A dream: Mister and I are hosting a party in our home. Not our old home back in Chicago, nor our new place in Cambridge. This place is like places we’ve been, familiar, but unusual: wide curved entries from living room to dining room, floor-to-ceiling bookshelves that are full but not bursting, comfy chairs and our own blue sofa; warm, inviting, neat but lived-in. Andrew Reilly is there, and so is Nick Ward, and some other of our friends. There is music and wine and easy conversation.
I pull out my phone and begin swiping through Instagram. On the screen is a friend, a black woman I love and admire and respect deeply for what she is making in the world and what she is making the world with her work. She is in three pictures where she is literally showing her ass. Photo one features her lying on top of her partner. The two of them are perched on the top edge of their own couch, he has lifted her dress up near her hips, and the closest hip to the camera is bear. His hand holds her butt cheek lovingly, but his face is turned away from the lens. She is smiling at the viewer and laughing, one knee bent, playful and carefree. Showing off. In photo two, she’s bent over at the hips, pointing her butt right at the camera and pulling her cheeks apart. This is too intimate a shot for me, and I keep scrolling and ultimately clatter the phone down to a table nearby, never finding out what the third picture was in the trio of ass shots.
“Now see,” I say aloud to the party, “this is why I can never put pics of my ass on Instagram. Because I want to be a minister. You can’t put pictures of your ass on social media if you want to be a minister, it just won’t work!”
“What do you mean?” someone asks, and I try to start explaining about how ministers don’t show their ass.
*
On the first day that I encountered him—an orientation parade of faculty hawking their classes to incoming students—my Intro to Ministry Studies professor, Matthew Potts, invoked Lizzo’s performance at the VMAs. Is there a clearer, stronger, more vocal or more evocative preacher or minister (he didn’t use these words but maybe oracle? priestess?) in our popular American culture, he asks. He says we’ll unpack this word and this concept, of ministering, and all of the beauty and the struggle, the good and the bad, of it.
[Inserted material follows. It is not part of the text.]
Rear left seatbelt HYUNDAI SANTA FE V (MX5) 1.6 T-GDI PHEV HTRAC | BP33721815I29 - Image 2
We’ll look at what we mean when we use the word: what do we talk about when we talk about ministry? What are the different ways it’s shaped, etc. etc.
It’s a compelling idea, and as a first-year MDiv, I can’t avoid taking it anyway, it’s required.
But invoking Lizzo is what put my butt in a chair in his class.
*
Some of you know, I’ve written before about what I think about when I hear the phrase, “woman of God.“ When I continue to think about it, I remember that passage from The Bluest Eye that we all read over and over again in Fiction I as one of Morrison’s countless and pristine examples of a model telling: those young women who are from Mobile and Aiken and Nacogdoches, who don’t sway their hips when they walk and who don’t put lipstick to the edges of their lips and who worry worry worry about the ends of their hair. The model of a black female pastor (or preacher, somehow minister means something different) is as evocative, the same model only more so, is as clear for me. I lay in bed thinking about this dream. What’s clear is that I don’t really have a desire to take semi-nude photos of myself and put them on social media, but that there’s something I feel like I’m not able to do or be if I step into the role of Pastor. Preacher. Minister.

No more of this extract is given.